19 aprile 2024
Aggiornato 08:00
Consiglio federale della Lega Nord

Lega, Maroni «ottiene» l'espulsione della Mauro

Umberto Bossi, i «triumviri» e tutti i componenti del Consiglio federale hanno chiesto più volte a Rosy Mauro di dimettersi dall'incarico di vicepresidente del Senato. Richiesta respinta dall'interessata. Così, i vertici del Carroccio hanno decretato «all'unanimità» la sua espulsione dal partito

MILANO - La decisione di espellere dalla Lega Rosy Mauro è stata presa dopo che l'ex ministro dell'Interno Roberto Maroni ha minacciato di dimettersi se il Consiglio federale non avesse deliberato la 'cacciata' della vicepresidente del Senato. Lo si apprende al termine della riunione del Consiglio federale della Lega.

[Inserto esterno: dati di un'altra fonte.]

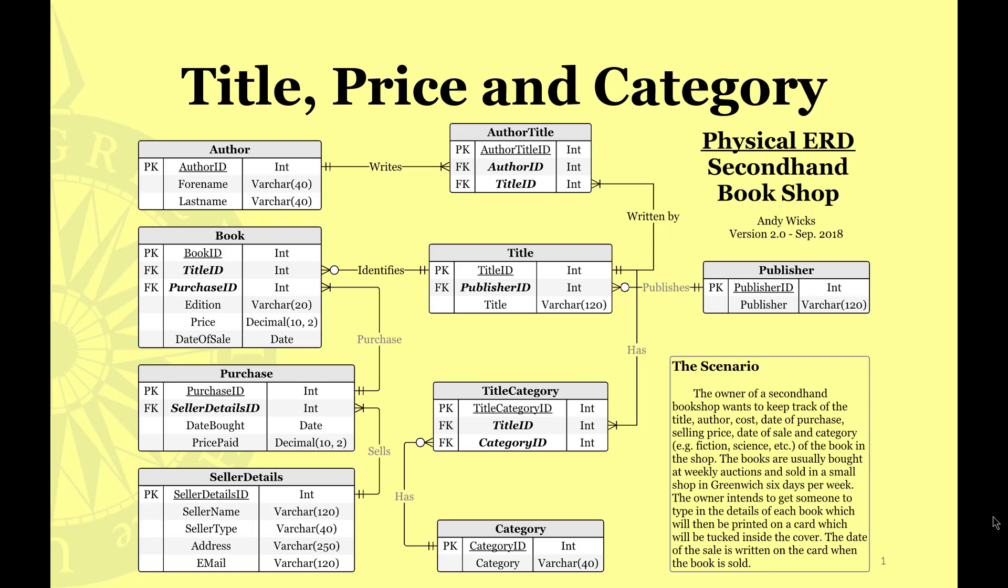My name's Andy Wicks and in this video we're going to see how you make all the links that you could possibly need. We're going to start by having a look at the ERD for the secondhand bookshop example and let's suppose that what we wanted was the title, price, and category for all the books.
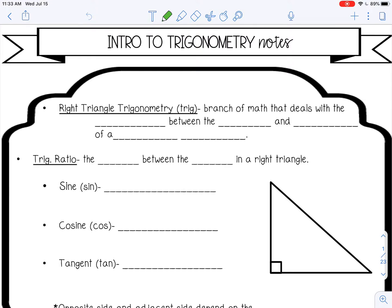Welcome to this lesson on an intro to trigonometry. Right triangle trigonometry, or trig for short, is a branch of math that deals with the relationship between the sides and angles of a right triangle.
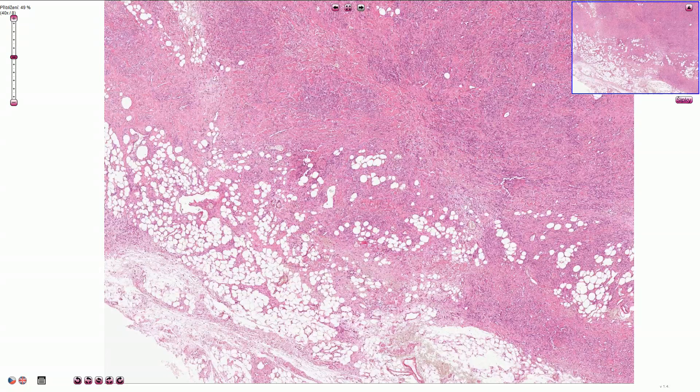Invasive lobular carcinoma is the second most common carcinoma of the breast. The most common is ductal carcinoma, or carcinoma of no special type.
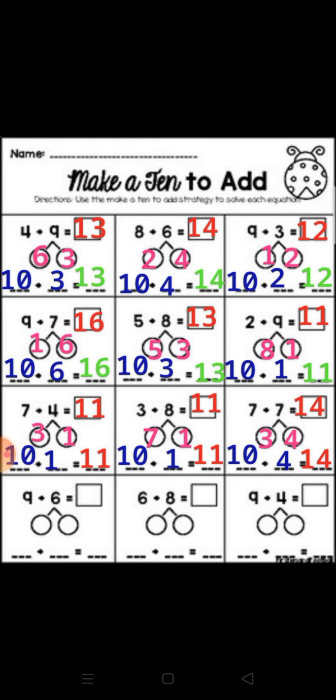2 plus 9: make a 10 from number 2. 2 plus 8 equal 10, then add the rest plus 1. 10 plus 1 equal 11. Next: 7 plus 4. Make a 10 from number 7. 7 plus 3 equal 10, then subtract 3 from 4. 10 plus 1 equal 11.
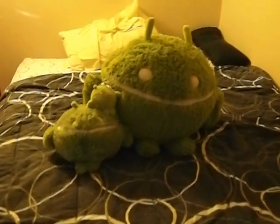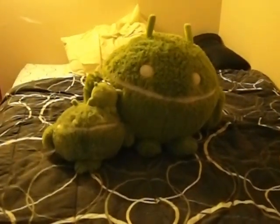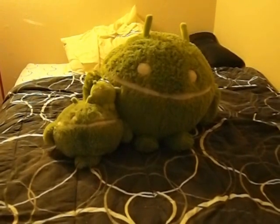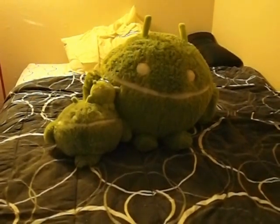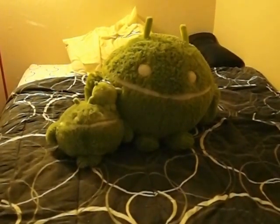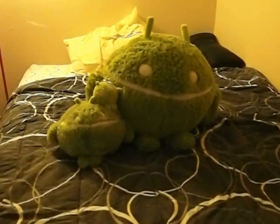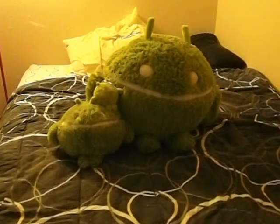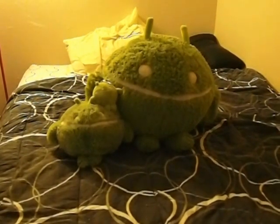Welcome to Squishable Australia. This video today is brought to you by the Squishable Rescue. We are going to be introducing you to the different species you may find in Australia.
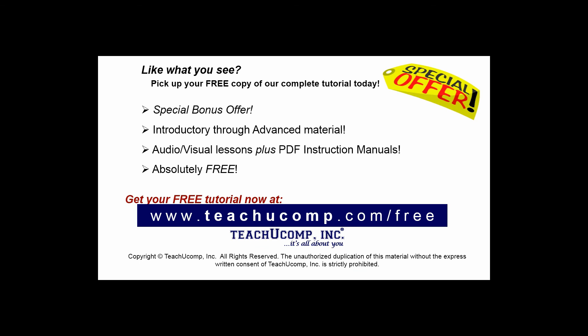Like what you see? Pick up your free copy of the complete tutorial at www.teachyoucomp.com/free.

DECISIONE UNANIME - Umberto Bossi, i «triumviri» e tutti i componenti del Consiglio federale hanno chiesto più volte a Rosy Mauro di dimettersi dall'incarico di vicepresidente del Senato. Richiesta respinta dall'interessata. Così, i vertici del Carroccio hanno decretato «all'unanimità» la sua espulsione dal partito «ritenendo inaccettabile la sua scelta di non obbedire ad un preciso ordine impartito dal Presidente Federale e dal Consiglio Federale». La ricostruzione è riportata nel comunicato finale del vertice di via Bellerio. Umberto Bossi e Marco Reguzzoni non hanno partecipato al voto come anche Francesco Speroni, presente all'incontro ma senza il diritto di voto.
A quanto si apprende, Rosy Mauro ha effettuato una «strenua difesa di se stessa».

NESSUN PROVVEDIMENTO PER RENZO BOSSI - Durante la riunione del Consiglio federale invece non è stato preso alcun provvedimento nei confronti di Renzo Bossi né è stato affrontato l'argomento. A quanto si apprende, l'orientamento generale è stato quello di considerare sufficienti le dimissioni rese spontaneamente dal figlio dell'ex segretario della Lega dal Consiglio regionale lombardo e di non voler «infierire» su una vicenda che ha colpito profondamente il «capo».

STRENUA AUTODIFESA DELLA MAURO - Rosy Mauro si sarebbe prodotta in una «strenua autodifesa», ha spiegato a Tmnews un leghista di vecchio corso che ha partecipato al Consiglio federale, ma «non ha voluto capire» che non avendo soddisfatto la richiesta di dimissioni sia del presidente della Lega Umberto Bossi sia del triumvirato che guida il Carroccio dopo le dimissioni del «capo» si è di fatto messa «contro le direttive del partito».
E' con questa constatazione, secondo una ricostruzione, che alcuni componenti del Consiglio federale, tra cui il deputato veneto Gianni Fava, hanno posto la questione a Bossi. Alla richiesta si è associato Roberto Maroni, che ha ricordato la promessa fatta due giorni fa a Bergamo al raduno dell«orgoglio padano' («Se non si dimette, la dimetterà la Lega«) e minacciato di rassegnare lui stesso le dimissioni da membro del triumvirato se il Consiglio federale non avesse votato a favore dell'espulsione. Richiesta accolta quasi all'unanimità. Bossi, a quanto si è appreso, non avrebbe partecipato alla votazione, così come l'ex capogruppo alla Camera Marco Reguzzoni. Neanche Angelo Alessandri, ex presidente federale della Lega prima di Umberto Bossi, era presente, secondo quanto riferito da Rosi Mauro al termine dell'incontro, al momento del voto.